===== Dataset extract
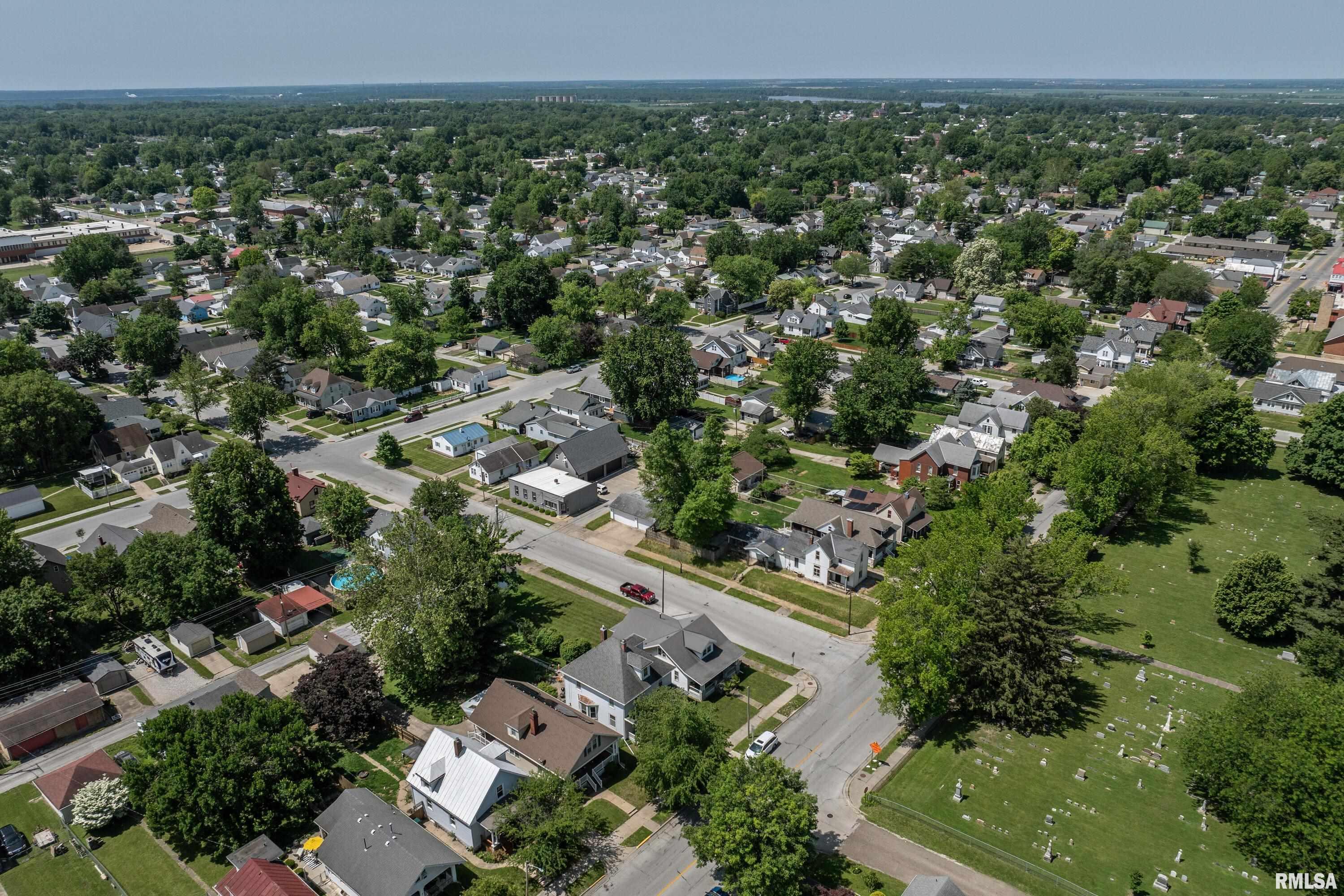 2108 State Street, Quincy, Illinois image 36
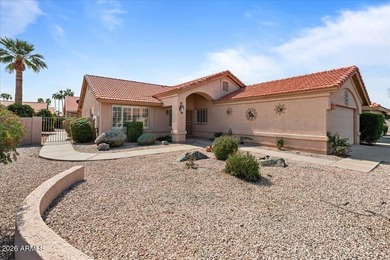 Welcome to easy living in the beautiful active adult community on Oakwood Golf Club  in Arizona - for sale on GolfHomes.com, golf home, golf lot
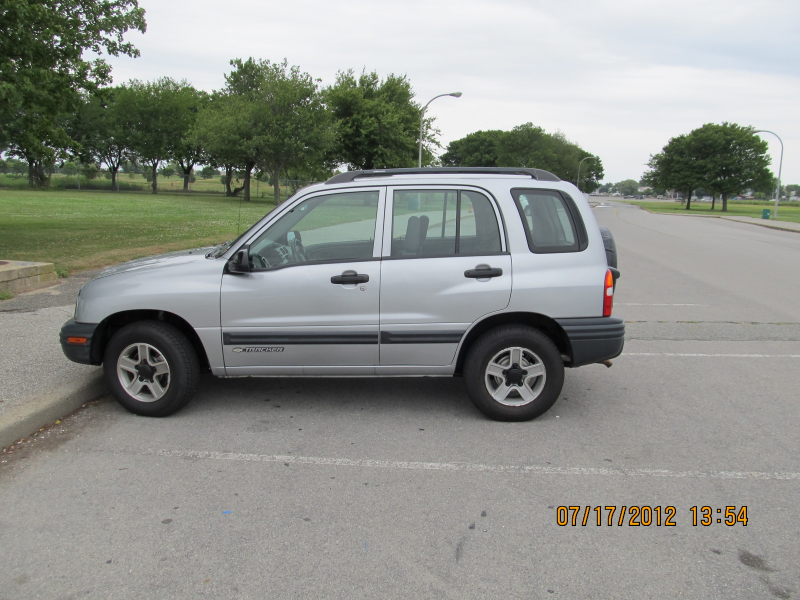 Picture of 2003 Chevrolet Tracker Base 4WD, exterior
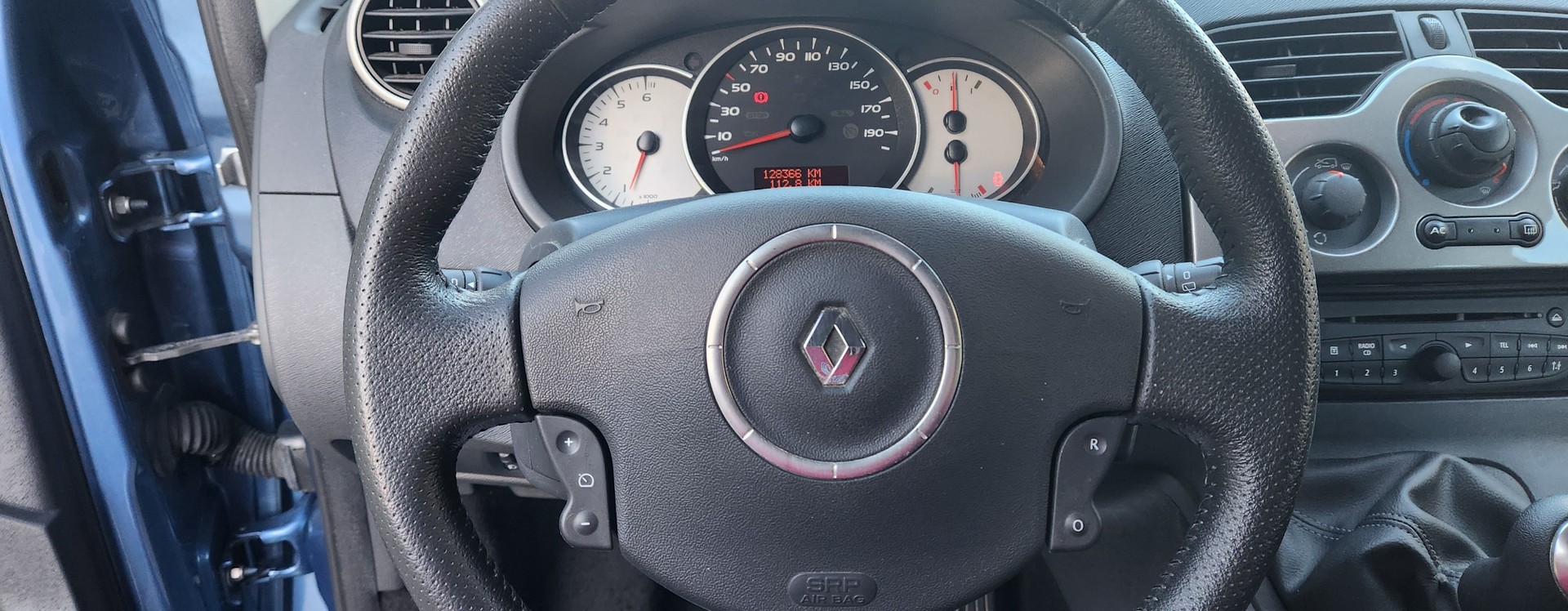 RENAULT Kangoo 1.6 16V Happy Family - 10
==========
_Try it_.
Leave out the pictures and give the listing above again exactly.

_Output for this exercise_.
 2108 State Street, Quincy, Illinois image 36
 Welcome to easy living in the beautiful active adult community on Oakwood Golf Club  in Arizona - for sale on GolfHomes.com, golf home, golf lot
 Picture of 2003 Chevrolet Tracker Base 4WD, exterior
 RENAULT Kangoo 1.6 16V Happy Family - 10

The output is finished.